# 1970 Fenderless 5 Speed/Value



## island schwinn (Apr 27, 2017)

Thinking of letting go of my 5 speed.pretty nice shape.1 rear spoke missing and previous owner got a little happy cleaning some of the chrome.mainly fork crown and bars.I removed the fenders,they were dealer add ons.


----------



## island schwinn (May 2, 2017)

so,noone wants to chime in? I guess I'll have to keep it in the fleet since it's worthless.


----------



## GTs58 (May 2, 2017)

I'm a little out of touch with prices on these, but I'd guess $350 tops including shipping.


----------



## island schwinn (May 2, 2017)

GTs58 said:


> I'm a little out of touch with prices on these, but I'd guess $350 tops including shipping.
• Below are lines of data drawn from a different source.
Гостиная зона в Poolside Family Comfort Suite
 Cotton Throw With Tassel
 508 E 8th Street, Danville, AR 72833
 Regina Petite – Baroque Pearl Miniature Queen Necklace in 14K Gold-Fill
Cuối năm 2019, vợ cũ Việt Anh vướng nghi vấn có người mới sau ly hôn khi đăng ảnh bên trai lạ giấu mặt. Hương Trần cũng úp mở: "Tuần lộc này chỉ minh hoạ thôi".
I could do that.pm for payment info,thanks.


----------



## GTs58 (May 2, 2017)

PM sent.


----------



## kasper (May 4, 2017)

island schwinn said:


> Thinking of letting go of my 5 speed.pretty nice shape.1 rear spoke missing and previous owner got a little happy cleaning some of the chrome.mainly fork crown and bars.I removed the fenders,they were dealer add ons.
> View attachment 457659



if it dident sell I could buy it next week.


----------



## island schwinn (May 9, 2017)

Simply amazing that with all the stingray guys here,no one wants to put a value on this bike.that being said,I'll keep it and let it collect dust before I sell it to a flipper.
For the one sincere guy that contacted me,I thank you.


----------



## bentsprocket (May 10, 2017)

Email on the way...


----------